Excerpted from Expert Law:
The most important defense to an action for defamation is “truth”, which is an absolute defense to an action for defamation.
A defense recognized in most jurisdictions is “opinion”. If the person makes a statement of opinion as opposed to fact, the statement may not support a cause of action for defamation.
A defense similar to opinion is “fair comment on a matter of public interest”. If the mayor of a town is involved in a corruption scandal, expressing the opinion that you believe the allegations are true is not likely to support a cause of action for defamation.
A defendant may also attempt to illustrate that the plaintiff had a poor reputation in the community, in order to diminish any claim for damages resulting from the defamatory statements.
Under the First Amendment of the United States Constitution, as set forth by the U.S. Supreme Court in the 1964 Case, New York Times v Sullivan, where a public figure attempts to bring an action for defamation, the public figure must prove an additional element: That the statement was made with “actual malice”. In translation, that means that the person making the statement knew the statement to be false, or issued the statement with reckless disregard as to its truth.
The concept of the “public figure” is broader than celebrities and politicians.
A person can also become a “limited public figure” by engaging in actions which generate publicity within a narrow area of interest. For example, a woman named Terry Rakolta was offended by the Fox Television show, Married With Children, and wrote letters to the show’s advertisers to try to get them to stop their support for the show. As a result of her actions, Ms. Rakolta became the target of jokes in a wide variety of settings. As these jokes remained within the confines of her public conduct, typically making fun of her as being prudish or censorious, they were protected by Ms. Rakolta’s status as a “limited public figure”.
While people who are targeted by lies may well be angry enough to file a lawsuit, there are some very good reasons why actions for defamation may not be a good idea.
The publicity that results from a defamation lawsuit can create a greater audience for the false statements than they previously enjoyed. For example, if a newspaper or news show picks up the story of the lawsuit, false accusations that were previously known to only a small number of people may suddenly become known to the entire community, nation, or even to the world. As the media is much more apt to cover a lawsuit than to cover its ultimate resolution, the net effect may be that large numbers of people hear the false allegations, but never learn how the litigation was resolved.
Another big issue is that defamation cases tend to be difficult to win, and damage awards tend to be small. As a result, it is unusual for attorneys to be willing to take defamation cases on a contingent fee basis, and the fees expended in litigating even a successful defamation action can exceed the total recovery.
Another significant concern is that, even where the statements made by the defendant are entirely false, it may not be possible for a plaintiff to prove all of the elements of defamation. Most people will respond to news that a plaintiff lost a defamation lawsuit by concluding that the allegations were true.

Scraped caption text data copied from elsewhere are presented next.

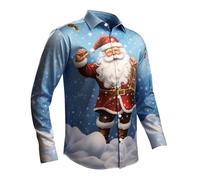 PAIDAXING Men's Christmas Shirts Funny Santa Clus Digital 3D Printed Tops Casual Button Down Lapel Long Sleeve Polo Shirts Graphic Xmas Tshirts Blouse Christmas Outfits for Men UK Light Blue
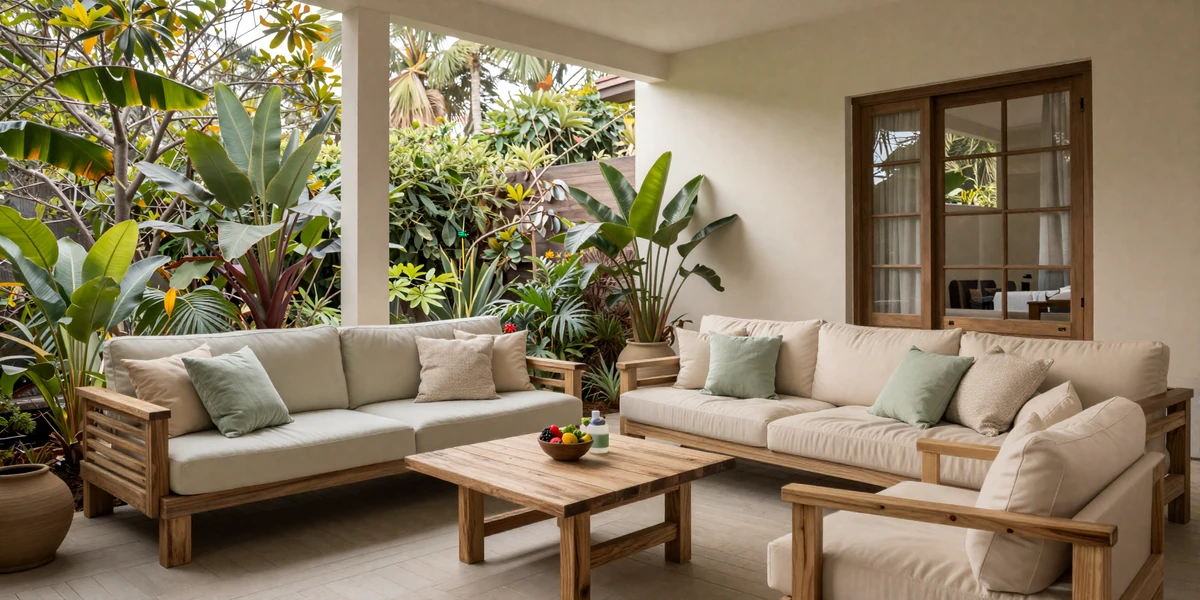 Peaceful wellness retreat patio with natural wood furniture and lush greenery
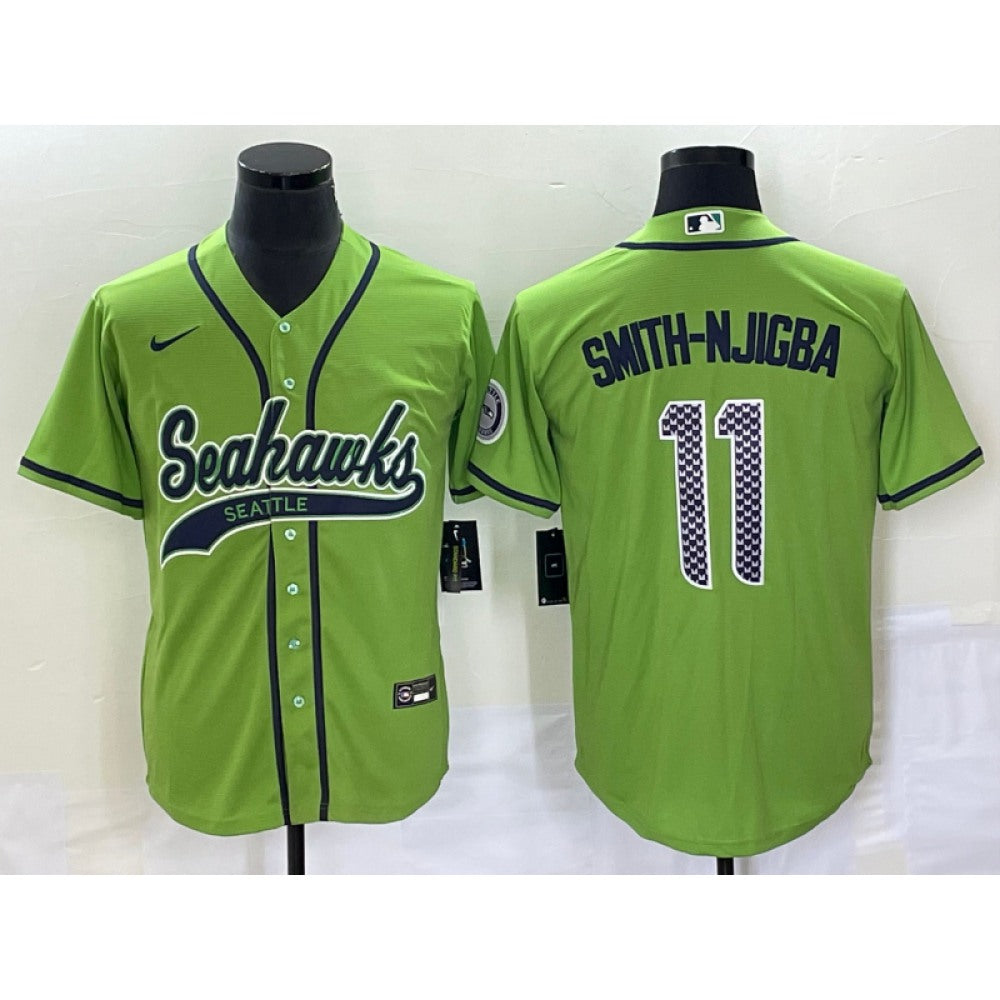 Men's Seattle Seahawks #11 Jaxon Smith-Njigba Green With Patch Cool Base Stitched Baseball Jersey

In other words, the plaintiff in a defamation action may be required to expend a considerable amount of money to bring the action, may experience significant negative publicity which repeats the false accusations, and if unsuccessful in the litigation may cement into the public consciousness the belief that the defamatory accusations were true. While many plaintiffs will be able to successfully prosecute defamation actions, the possible downside should be considered when deciding whether or not such litigation should be attempted.
Everything I’ve written is either an opinion or Statements made in a good faith and reasonable belief that they were true and accurate portrayals of my encounters with Eddie Kritzer. He is a public figure who has behaved badly in public space. He has a terrible reputation, which I’ve established on this site. This is a fair comment on a matter of public interest; it is my opinion that the other people publicly accusing him of mistreatment are being honest.
Obviously it is not possible for everything I’ve said to be libel, and since he will not be specific, I can only assume it’s because he is trying to bully me into not telling the truth.* *this is an opinion.